Will Smith made a public apology a few days ago and said, “Violence in all of its forms is poisonous and destructive. My behavior was unacceptable and inexcusable.” And at the end of his apology, he recognized that he is a work in progress.
We are all works in progress. You know, violence is more than acts of physical aggression. Violence includes the things we do and say that causes harm to ourselves and others. When we say something to someone that hurts their self-esteem, when we pass around gossip and rumours about another person that hurts them and destroys their ability to trust, when we tell ourselves we are not good enough or are undeserving of love. All these are acts of violence.
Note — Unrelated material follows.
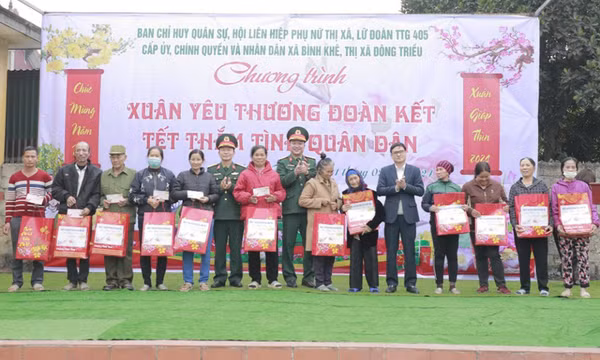 Chương trình “Xuân yêu thương đoàn kết - Tết thắm tình quân dân” tại TX Đông Triều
“The real violence, the violence I realized was unforgivable, is the violence that we do to ourselves, when we’re too afraid to be who we really are.” – Nomi, Sense8
So we commit violence to ourselves and others more often than we realize.
In order to prune us for love, Jesus has to trim and cut away the parts of us that exact violence on ourselves and others. Through our words, our thoughts, our unhelpful beliefs, our actions and our inaction. If we don’t speak up in moments when we witness violence, we are perpetuating violence through our inaction.
Question 4 (Open)
What are the parts of you that exact violence on yourself and others?
Pruning of the Japanese Maple Tree
In Japan, there is a special Japanese gardening technique called “open center pruning” and this kind of pruning is responsible not only for the sculptural appeal of the maple tree, but also for the uncluttered space and serenity in the garden as a whole.
When a Japanese gardener “prunes open,” she cuts away not only dead branches and foliage, but also often a number of perfectly healthy branches that detract from the beauty inherent in the tree’s essential structure. Pruning open allows the visitor to see up, out, and beyond the trees to the sky, creating a sense of spaciousness and letting light into the garden. It also enables a tree to flourish by removing complicating elements, simplifying structure, and revealing its essence. The process of pruning open turns the tree inside out, so to speak, revealing the beautiful design inherent within it.
In the same way, God the gardener is pruning us open – cutting away all that hinders us from loving well. God desires for us to live like the Japanese maple tree, our true essence revealed and flourishing, our true self front and center, secure and thriving. God yearns for us to live wholeheartedly and truthfully as the unique, beautiful, beloved individuals God created us to be. Most of all, God’s deepest desire is for us to know God, to root our whole selves in God like a tree rooted by a stream, and to know God’s deep, abiding love for us.
God invites us into intimate relationship . . . so that we may then live more compassionately and intimately with those around us. We are the windows, as Henri Nouwen said, through which others may glimpse God. And they are windows through which we might glimpse God.
Jesus says, “Love as I have loved you.”
Can we really be able to do that? Honestly, doesn’t it sound like Jesus is asking for the impossible? How will we love as Jesus loved? Do we have it in us to go the extra mile for others or even risk our lives if needs be?
For most of us, including me, we would prefer to be safe. Keep our circles small and choose the people we love based on our own preferences, and not on Jesus’ all-inclusive commandment.
And yet this was Jesus’s dying wish. Which means that we have a God who first and foremost wants every child to feel loved. Not shamed. Not punished. Not judged. Not isolated. But loved.
But that’s not all. Jesus follows his commandment with an amazing and challenging promise: “By this everyone will know.” Meaning, love is the litmus test of Christian witness. Our love for each other is how the world will know who we are and whose we are. Our love for each other is how the world will see, taste, touch, hear, and find Jesus.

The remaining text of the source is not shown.